**Pictures with short captions:**
──────────

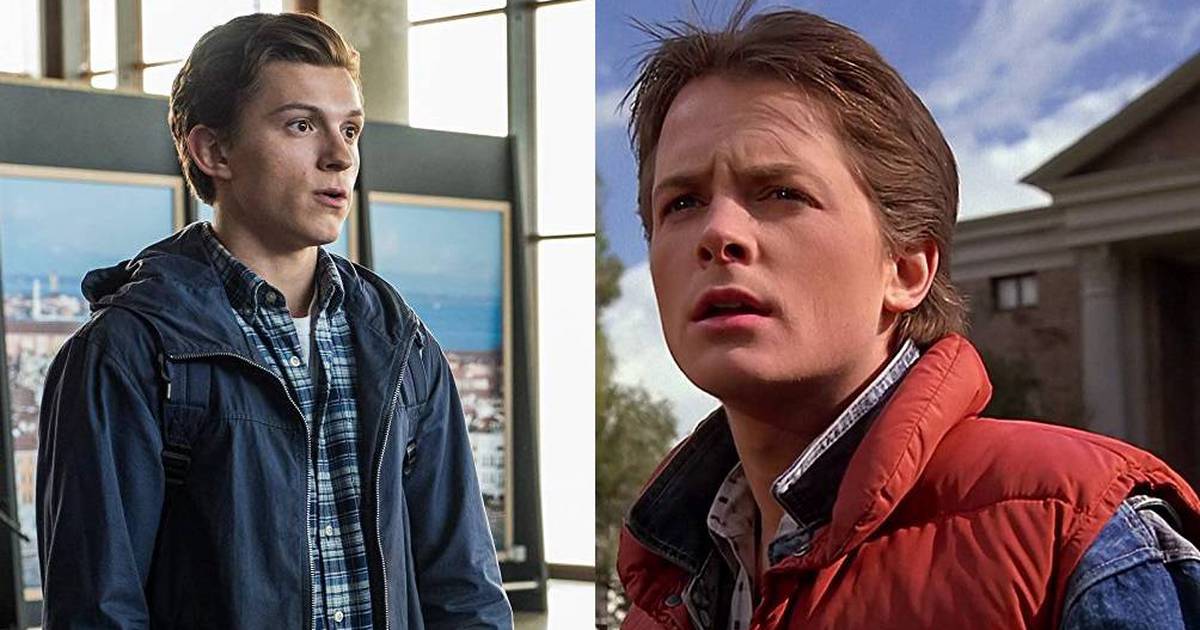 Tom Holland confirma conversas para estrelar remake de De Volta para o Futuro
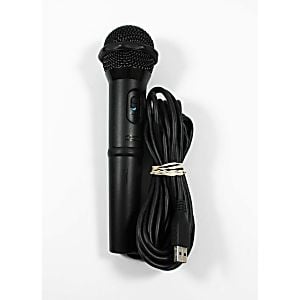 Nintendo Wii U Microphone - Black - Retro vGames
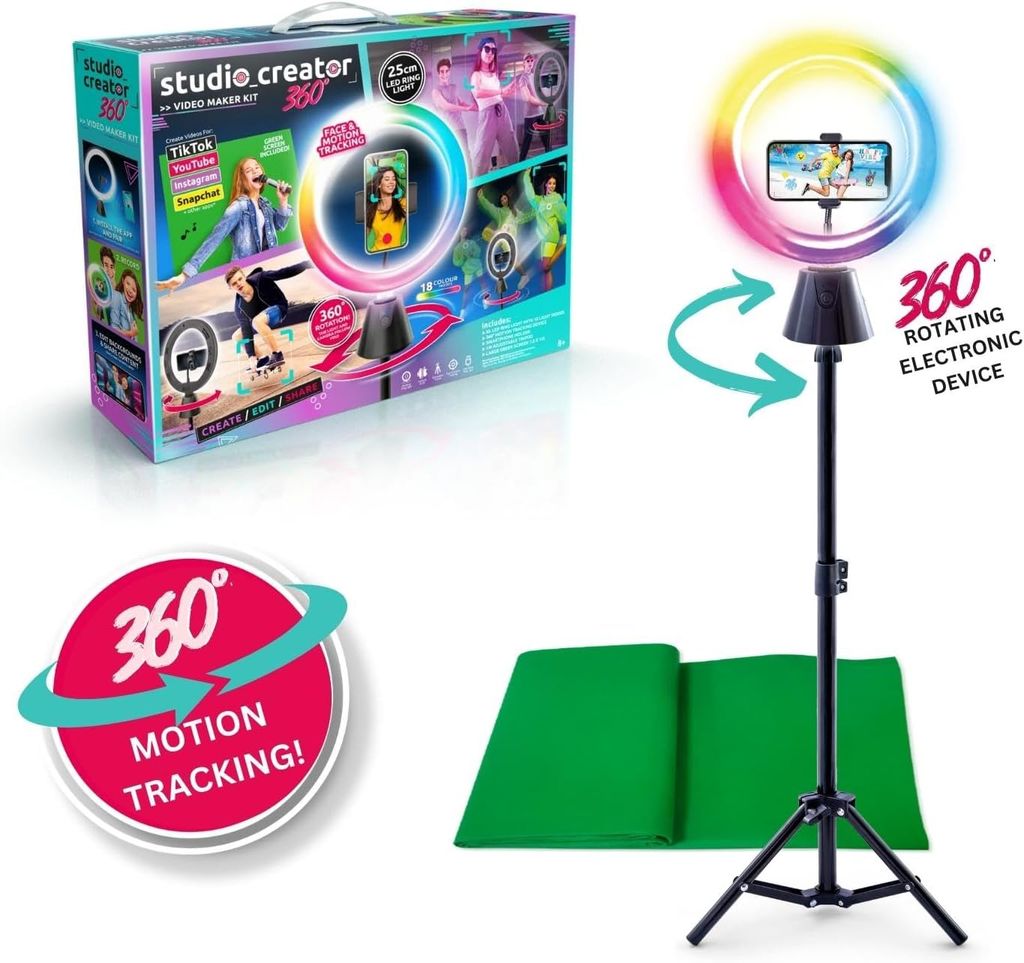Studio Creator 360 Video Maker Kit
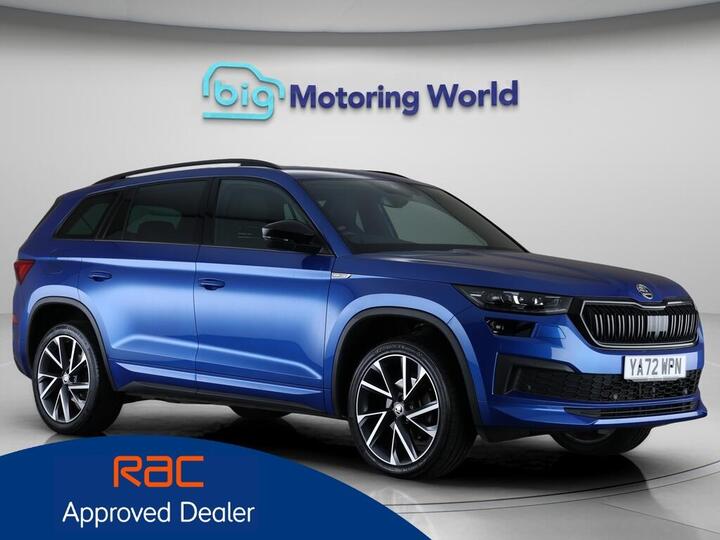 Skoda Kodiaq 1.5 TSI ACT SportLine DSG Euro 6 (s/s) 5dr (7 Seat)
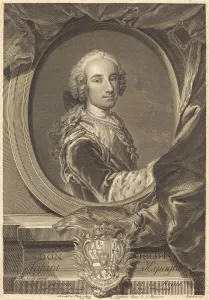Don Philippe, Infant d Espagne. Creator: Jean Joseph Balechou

──────────

**Exercise instructions:**
When a record holds a picture, leave that picture out; copy the rest verbatim.

**Solution to this problem:**
 Tom Holland confirma conversas para estrelar remake de De Volta para o Futuro
 Nintendo Wii U Microphone - Black - Retro vGames
Studio Creator 360 Video Maker Kit
 Skoda Kodiaq 1.5 TSI ACT SportLine DSG Euro 6 (s/s) 5dr (7 Seat)
Don Philippe, Infant d Espagne. Creator: Jean Joseph Balechou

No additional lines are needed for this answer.